Panel to consider whether to give raises to governor, lawmakers
SACRAMENTO -- Three months after Gov. Jerry Brown and lawmakers received a 5% pay raise, a state panel is set to meet next week to begin considering whether to provide further increases, and the chairman of the group says data from counties indicates California elected officials are underpaid.
The State Citizens Compensation Commission, which is appointed by the governor, meets March 13 at Sacramento City Hall to begin the process of setting salaries for the governor, other statewide constitutional officers and state legislators.
Chairman Thomas Dalzell predicted a decision on whether to give raises will probably be put off until May while it considers survey data showing what county officials are paid for comparison.
“That data has historically shown that local officials are paid much higher than state officials,” Dalzell said. “Whether that supports a raise, it then becomes a policy decision.”
The latest survey is not yet public, but one conducted last year showed that the chief executives of Los Angeles, San Diego, San Bernardino, Santa Clara and Alameda counties all received salaries of more than $300,000.

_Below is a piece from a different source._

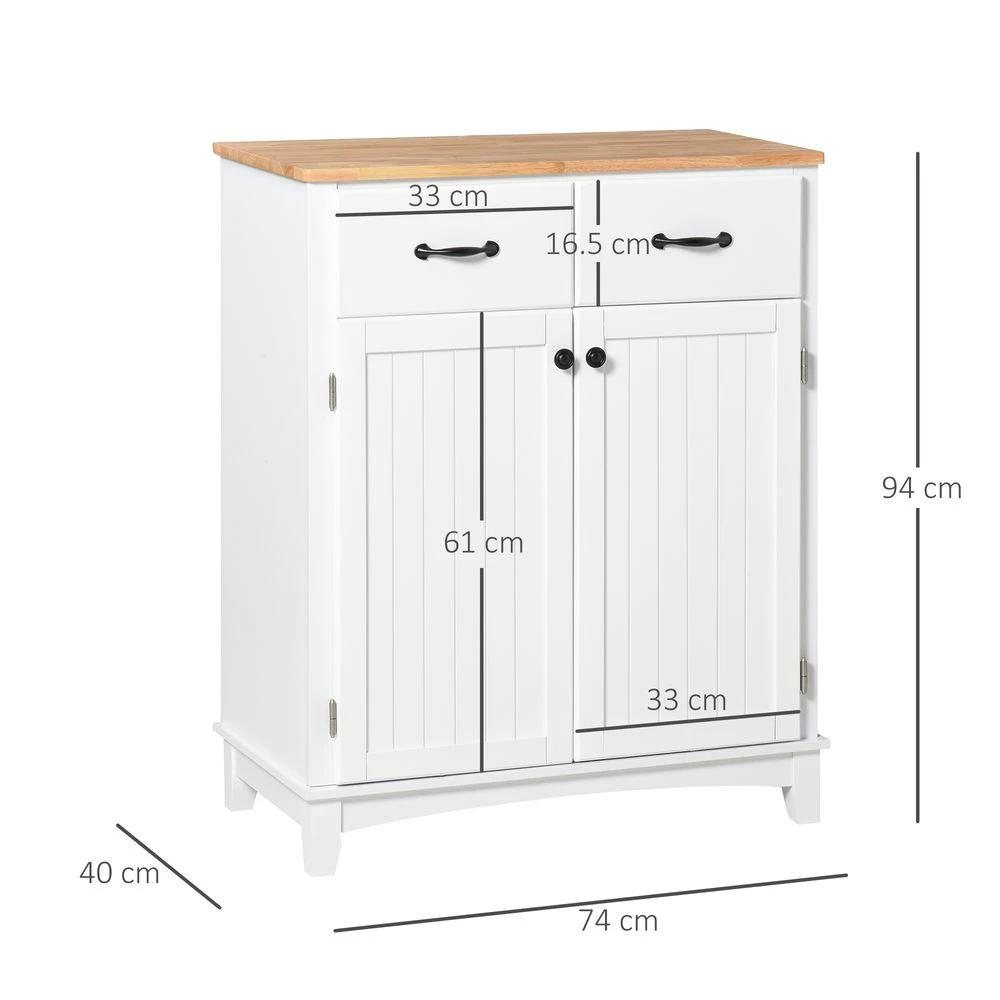 Unbranded Simple Kitchen Cupboard Storage Cabinet w/ Drawer Living & Dining Room - Chest of Drawers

In comparison, Gov. Brown’s salary is $173,987, the state attorney general makes $151,127 and the base salary for state legislators is $95,291 with raises that took effect in December. However, a survey of other states indicates California lawmakers receive the largest base salary in the country.
Dalzell said he wants to hear what other members of the commission have to say before deciding whether to support a raise.
“I think the data supports it but there are policy considerations,” he said. In the past, the panel has looked at policy issues including whether other state workers received raises or pay cuts and whether the budget was in surplus or facing deficits.